Conference: ICLR 2026
arXiv: 2506.07177
Code: https://frame-guidance-video.github.io/
Area: Diffusion Models / Video Generation
Keywords: Training-free guidance, Video diffusion models, Frame-level control, Keyframe generation, Stylized video

TL;DR

Frame Guidance is a training-free frame-level guidance method that achieves various controllable video generation tasks, such as keyframe guidance, stylization, and looping videos, without model modification. It utilizes two core components: latent slicing (reducing VRAM by 60×) and Video Latent Optimization (VLO).

Background & Motivation

Growing demand for controllable video generation: As video diffusion model (VDM) quality improves, users increasingly require fine-grained control.

Training-based methods are uneconomical: Existing methods usually require fine-tuning large-scale VDMs. As model sizes grow (e.g., Wan 14B), fine-tuning costs become prohibitive.

Lack of universality in training-free methods: Existing training-free methods (e.g., CamTrol, MotionClone) are often task-specific and lack a general framework.

Memory bottleneck of Video CausalVAE: The causal dependency of CausalVAE requires decoding the entire sequence to reconstruct a single frame, leading to gradient calculation memory exceeding 650GB.

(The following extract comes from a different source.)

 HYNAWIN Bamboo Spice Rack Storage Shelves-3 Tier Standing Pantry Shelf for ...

Inapplicability of existing guidance strategies to video: Image-domain time-travel tricks tend to wash out guidance signals during the early steps of video generation.

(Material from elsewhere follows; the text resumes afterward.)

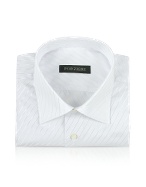 Forzieri Light Gray Bias Striped Dress Shirt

Key Challenge of balancing dual objectives: Methods that are simultaneously "model-agnostic + training-free" and "general-purpose multi-task" remain a gap in the field.

Method

Overall Architecture

Frame Guidance does not modify any parameters of the pre-trained VDM. Instead, it performs a "guidance correction" at each sampling step: first, it predicts the clean video \(x_{0\vert t}\) from the current latent \(z_t\) using the Tweedie formula, decodes target frames into pixels, calculates a task loss \(\mathcal{L}_e\) for these frames, and backpropagates the gradient to optimize \(z_t\) before proceeding to the next denoising step. The core challenges lie in "how to make the gradient computation affordable" and "when to apply guidance"—the former is addressed by Latent Slicing to reduce decoding VRAM, and the latter by Video Latent Optimization (VLO) to concentrate guidance strength in the early stages.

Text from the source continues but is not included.